Since transit times to Asia (South Korea, Japan, and Singapore) are in the 20-day range, tankers that were en route to Asian and other destinations prior to the onset of the most recent round of diplomatic tensions continue to make their way to receiving terminals even as purchasers scramble to ensure continuity of supply over the coming weeks. And though there has been at least one report of purchaser resourcing, Qatar, for its part, affirmed over the weekend that loading and production have not been interrupted.

By global standards, Qatari oil production is small, around 600,000 barrels per day (mbd), but its gas exports are considerable. Qatar is the world’s largest supplier of LNG, accounting for a third of global supply. Roughly 70 percent of its exports serve Asian markets.

On the oil side, expectations are that the current rift with its Arab neighbors will not adversely affect the OPEC agreement to limit oil production. For one thing, Qatar benefits from higher prices. In addition, Qatar has little spare capacity to offer buyers outside of the current agreement parameters. Recent oil price movements appear to be more reflective of U.S. production growth and stock level changes than a boost in Qatari production.

The duration and trajectory of tensions in the Gulf will determine the longer-term supply and price impacts of the GCC actions against Qatar. In the energy world, no serious disruptions have yet been reported, but then it just may be too early to tell.

Politically and diplomatically, the future is uncertain. Both Qatar and its adversaries appear to have dug in, and it will be difficult to find a face-saving solution for all. The matter is complicated by the fact that Qatar’s adversaries still seem not to have produced a formal list of demands to which Qatar can respond, and President Trump’s repeated denunciations of Qatar and support for the Saudi and UAE position make it extremely difficult for the United States to effectively play the role of an unbiased mediator.
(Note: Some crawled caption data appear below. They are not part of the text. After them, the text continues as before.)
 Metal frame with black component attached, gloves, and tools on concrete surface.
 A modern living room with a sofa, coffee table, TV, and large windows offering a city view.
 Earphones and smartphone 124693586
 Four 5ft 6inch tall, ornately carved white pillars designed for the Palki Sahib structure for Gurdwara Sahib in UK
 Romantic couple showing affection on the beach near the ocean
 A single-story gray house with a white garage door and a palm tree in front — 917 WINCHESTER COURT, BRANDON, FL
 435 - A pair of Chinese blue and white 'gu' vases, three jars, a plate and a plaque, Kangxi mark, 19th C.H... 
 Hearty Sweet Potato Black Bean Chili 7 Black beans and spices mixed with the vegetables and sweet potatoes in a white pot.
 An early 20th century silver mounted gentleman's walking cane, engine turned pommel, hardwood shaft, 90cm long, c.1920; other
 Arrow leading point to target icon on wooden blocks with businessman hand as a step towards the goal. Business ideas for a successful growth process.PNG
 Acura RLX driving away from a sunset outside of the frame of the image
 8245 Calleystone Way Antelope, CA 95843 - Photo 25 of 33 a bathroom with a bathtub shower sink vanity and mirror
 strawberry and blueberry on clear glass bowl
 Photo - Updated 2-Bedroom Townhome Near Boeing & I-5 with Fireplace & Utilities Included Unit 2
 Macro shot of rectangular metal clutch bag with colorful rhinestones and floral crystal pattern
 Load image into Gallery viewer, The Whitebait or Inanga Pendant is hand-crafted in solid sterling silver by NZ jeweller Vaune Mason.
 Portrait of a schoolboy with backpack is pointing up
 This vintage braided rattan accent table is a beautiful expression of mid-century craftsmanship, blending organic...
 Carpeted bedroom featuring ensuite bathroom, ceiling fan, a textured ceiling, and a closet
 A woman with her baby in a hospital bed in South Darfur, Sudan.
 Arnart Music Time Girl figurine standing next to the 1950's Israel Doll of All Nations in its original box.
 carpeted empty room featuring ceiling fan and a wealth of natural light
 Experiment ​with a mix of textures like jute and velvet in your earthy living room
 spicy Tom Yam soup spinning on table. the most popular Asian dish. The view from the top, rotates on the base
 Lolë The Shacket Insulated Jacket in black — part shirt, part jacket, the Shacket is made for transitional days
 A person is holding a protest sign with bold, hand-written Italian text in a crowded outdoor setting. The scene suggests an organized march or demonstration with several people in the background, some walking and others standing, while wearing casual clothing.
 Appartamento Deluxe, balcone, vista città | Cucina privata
Setting aside the obvious energy and economic concerns that escalation into conflict could cause, it is not hard to imagine how a long-term conflict could adversely impact U.S. interests. The United States continues to fight in Iraq, Syria, Afghanistan, and beyond, in part, utilizing the al-Udeid Airbase, the largest U.S. facility in the Middle East. A breakdown in intra-GCC relations makes it more difficult to run joint exercises with other U.S. partners, and it pushes back longstanding U.S. efforts to build a more integrated force among regional partners to confront regional threats. Looking ahead further, should it come to that, the breakup of the GCC would be a gift to Iran and Russia, who have long regarded the grouping as the troubling finger of U.S. intervention in the Gulf.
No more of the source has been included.